Embrace the contradiction

Looking back at the wealth-happiness experiment described above, the main aspect was also that the participants were faced with a contradiction. The data could be interpreted in two ways: a positive correlation if one looks at the data in one way (within age groups) or a negative correlation if one looks at it another (overall). Presumably, given enough staring at the data, each participant would have reached the same conclusion that it is the positive correlation that best summarizes the underlying relationship. As we argued above, the problem is that contradictions often go unexplored, perhaps because they are confusing or inconsistent with prior notions, or simply because acknowledging them suggests tedious additional work. And yet, a contradiction should be reason for joy: it hints at an apparent discrepancy between the state of knowledge and reality—we might have stumbled upon something new and interesting [35].

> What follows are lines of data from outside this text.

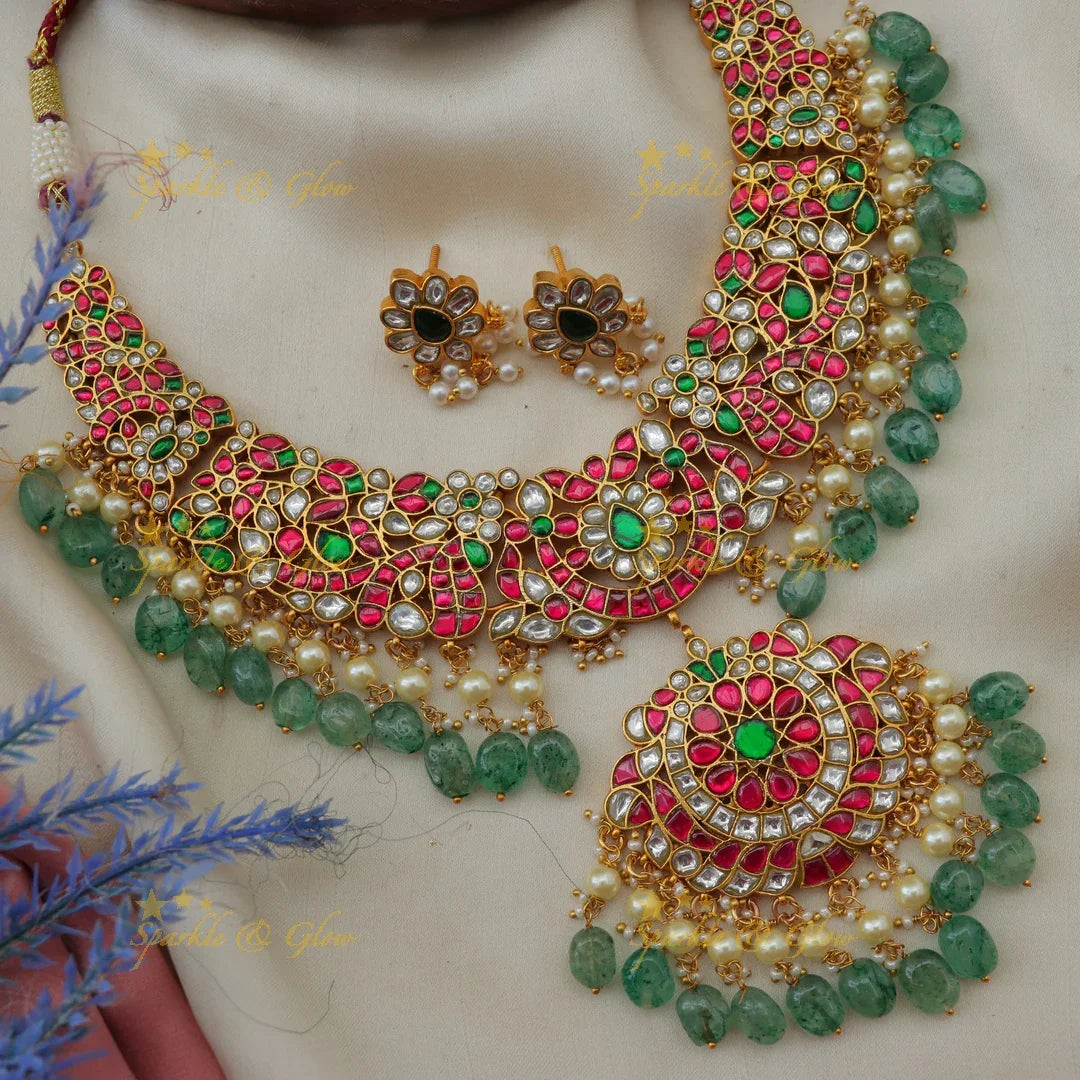 Grand Jadau Kundan Floral Short Necklace with Green Beads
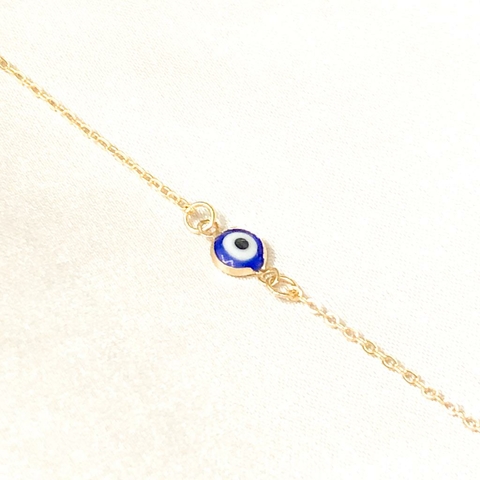 Tornozeleira de olho grego Banhado em Ouro 18k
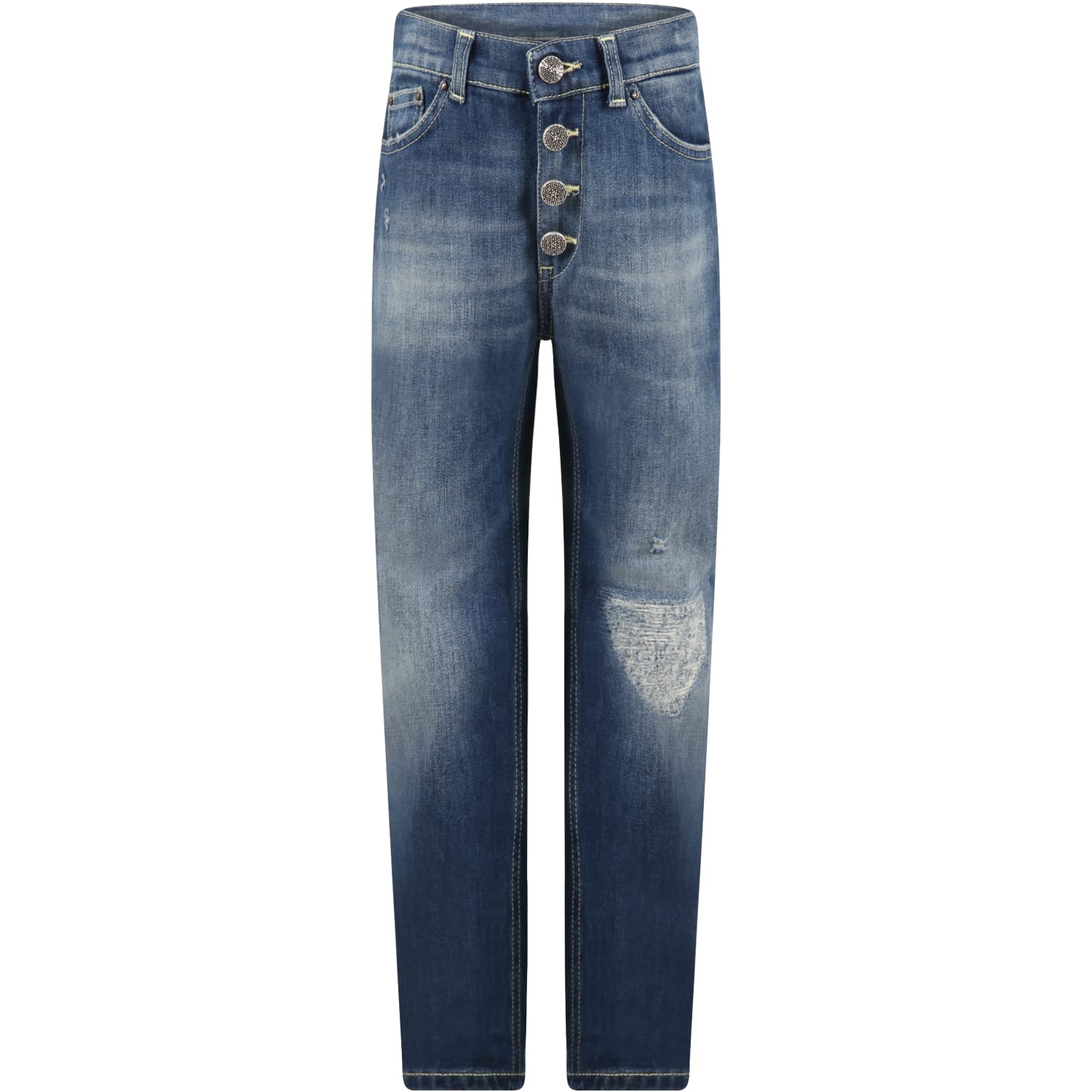 Dondup Blue Jeans For Girl With Buttons And Logo Patch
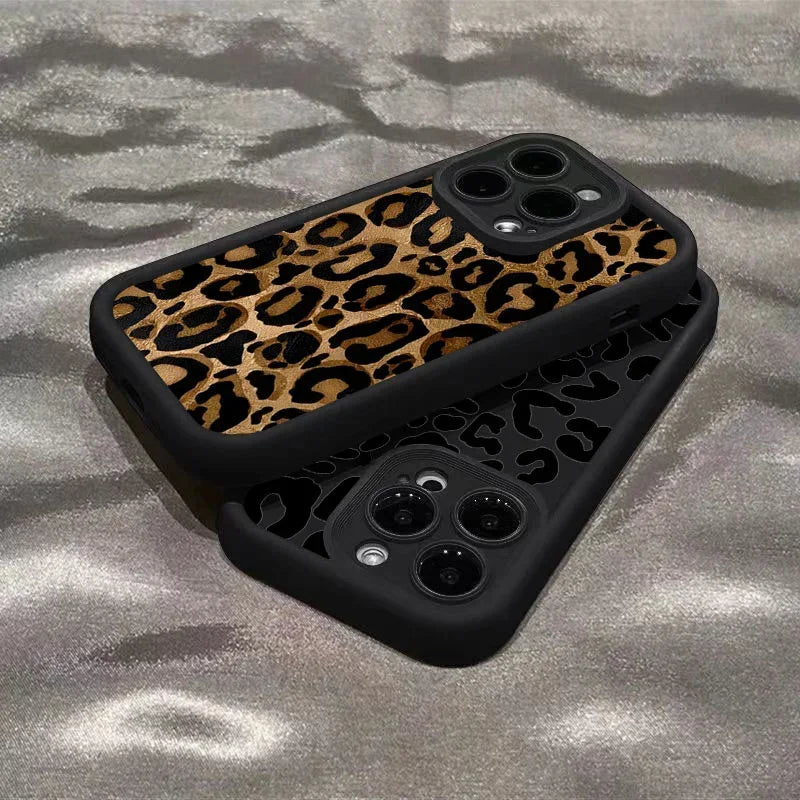 Stylish Leopard Print Phone Case, Retro Aesthetic Shockproof Cover For iPhone 17 14 15 16 Pro Max 11 12 13 Soft Thickened Cover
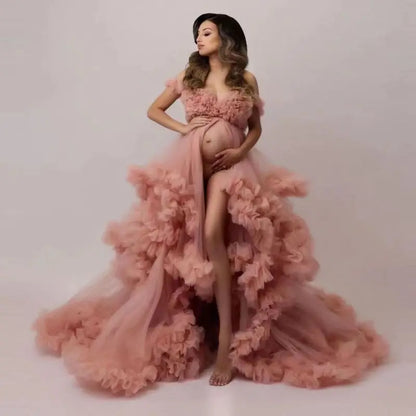 Sexy Maternity Gowns Photoshoot  Ruffles baby shower платье для беременных فساتين حوامل vestidos para embarazadas photoshoot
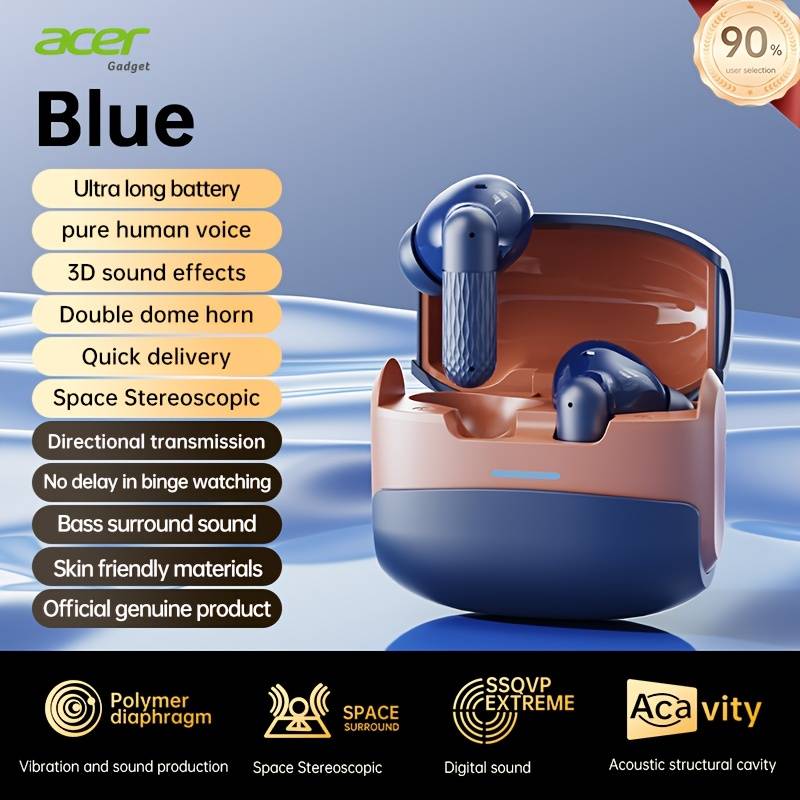 Acer Ohr548 Headphones | Wireless Active Noise Cancelling Earbuds | | | Low Latency Calls | For Study/business/sports/gym/travel | Suitable For Mobile Phones/tablets/laptops | Recommended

In research, we frequently find that to make sense of contradictory data, we must identify a false, hidden assumption. As we highlighted in an earlier piece [36], Einstein’s path toward the special theory of relativity began when he noticed a contradiction between Maxwell’s equations and the idea of traveling at the speed of light. It took him years of hard work, though, to identify the false, hidden assumption: that time was absolute and independent of our frame of reference.

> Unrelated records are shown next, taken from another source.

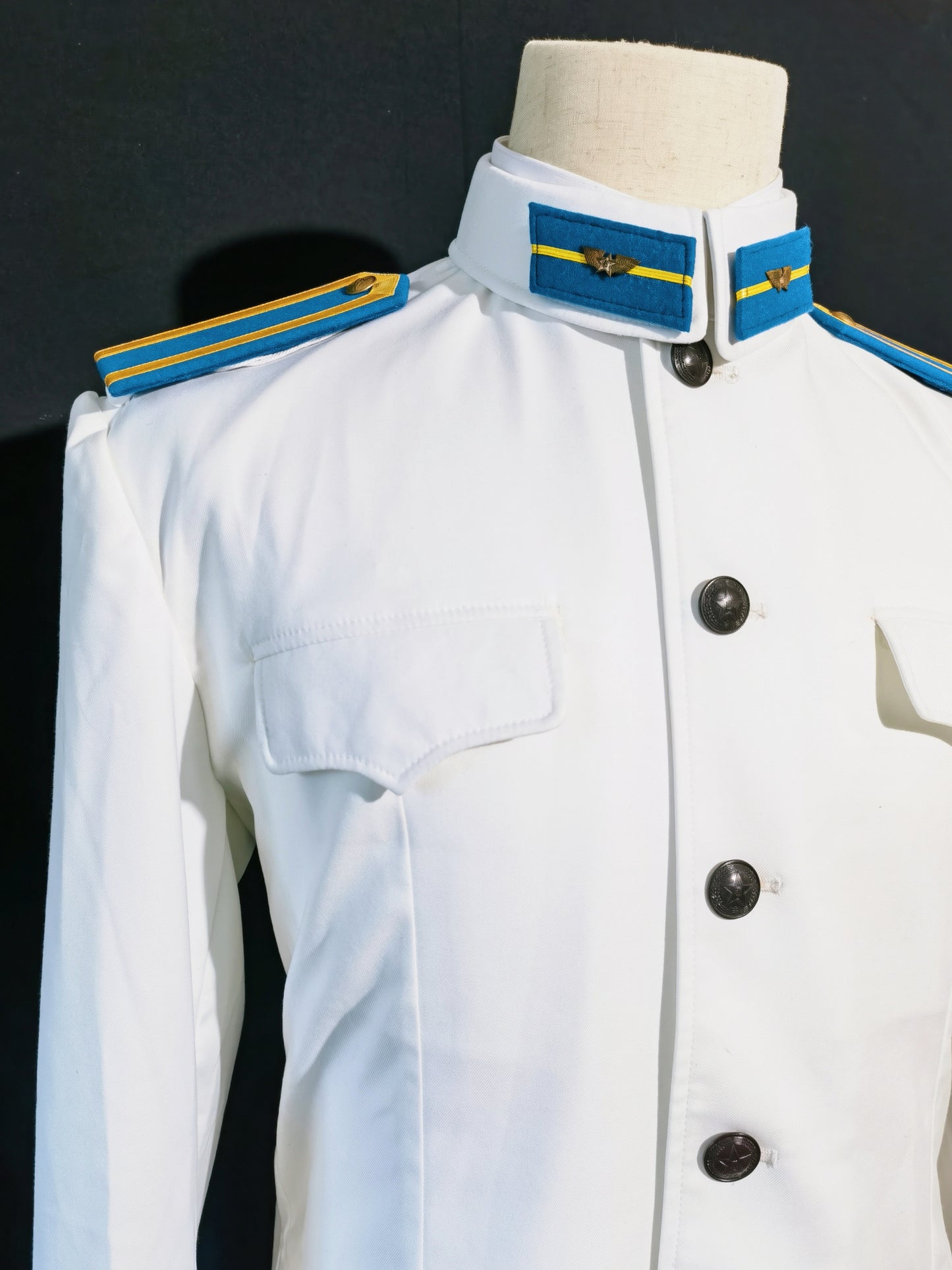 Chinese Type 55 Naval Aviation Cadet White Tunic and Navy Trousers Reproduction Uniform Set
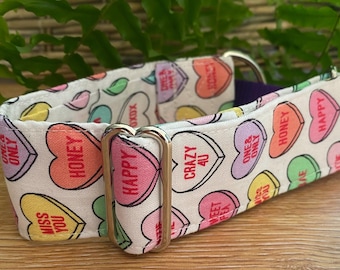 Collare per levriero con martingala Hearts Greyhound da 1,5" - Collare per levriero Pink Love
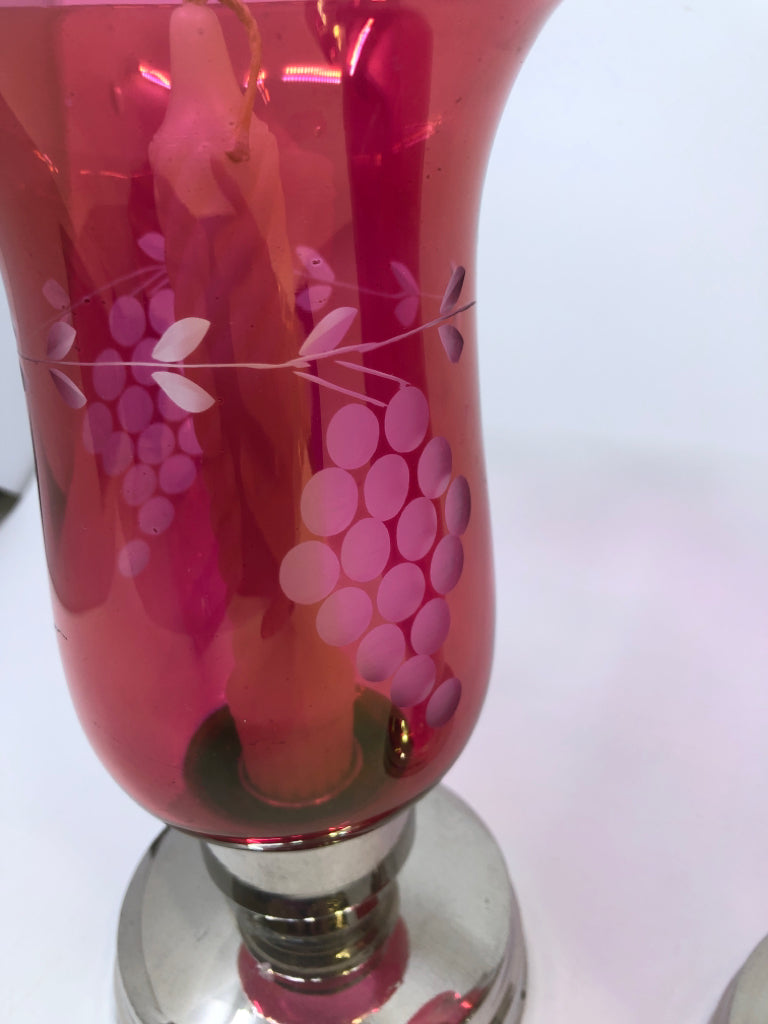 2PC PINK GLASS W/EMBOSSED GRAPES TAPER HOLDERS.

As an example from our own work, in a recent project we compared developmental gene expression across ten species, each from a different phylum (flies, fish, worms, etc.) [37]. Having previously compared sets of species from the same phylum, we expected to again find a shared pattern of expression occurring toward the middle of the development of all embryos (the “hourglass model”). This was an exciting prospect: it would have confirmed a specific pattern of signaling and transcription factor expression common to all animals. However, when comparing the gene expression across phyla, what emerged was the exact opposite: the greatest correspondence between phyla occurred in the early and late transcriptomes, bridged by a less conserved transitional state (an “inverse hourglass”). Confused by this contradictory signal, we retreated into more night science to attempt a resolution. We finally realized that when combining the contradictory patterns within and across phyla, a molecular definition of animal phyla emerged: early and late development are broadly conserved, while the transitional state—conserved within, but highly variable between phyla—is phylum-specific, distinguishing one phylum from another. We had to learn to apply the two modes, the hourglass and the inverse hourglass, to different evolutionary timescales.

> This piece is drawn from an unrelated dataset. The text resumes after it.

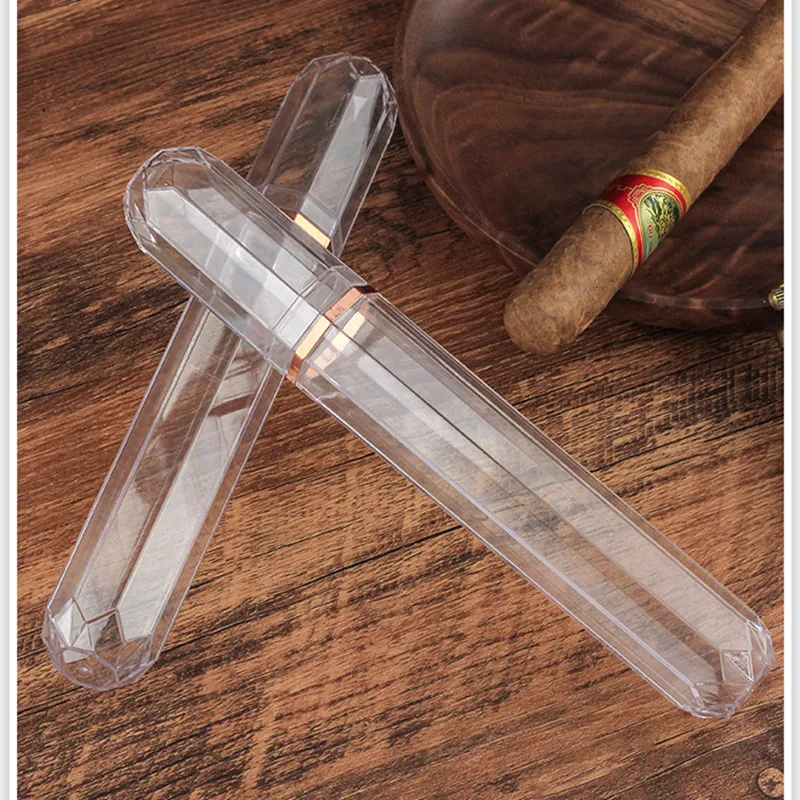 Acrylic Travel Cigar Tube Fashion Humidor Holder Cigar Case Portable Storage Clear Storage Box Cigar Accessories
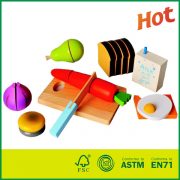 Hot Sell Wooden Children Pretend Food Cutting Set Kitchen Play Accessory for Wooden Kids Toy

In the course of any project, there may be points where we stumble upon more or less blatant contradictions. The way in which we choose to deal with them will define the project’s fate. Embracing a contradiction requires us to be comfortable with uncertainty and will inevitably prolong the project. But it will provide space for unweaving the contradiction—arriving at the contradiction was not a signal of defeat, but rather the first sign of progress, as indicated by the Whitehead quote above.

In the absence of a contradiction, a common night science approach is to actually seek one out, playing devil’s advocate. Adopting a contrary viewpoint “for the sake of argument” can help to counter confirmation bias [38]. More than once, in a discussion with a student or collaborator, most of us have probably started a sentence with “Well, a reviewer might say….” If that does not help, a more severe approach would be to imagine that at some point in the future, a competing lab would write a paper that criticizes the current project. What would that “anti-paper” be about? By deliberately challenging our assumptions and expectations, we may avoid cheating ourselves out of discoveries.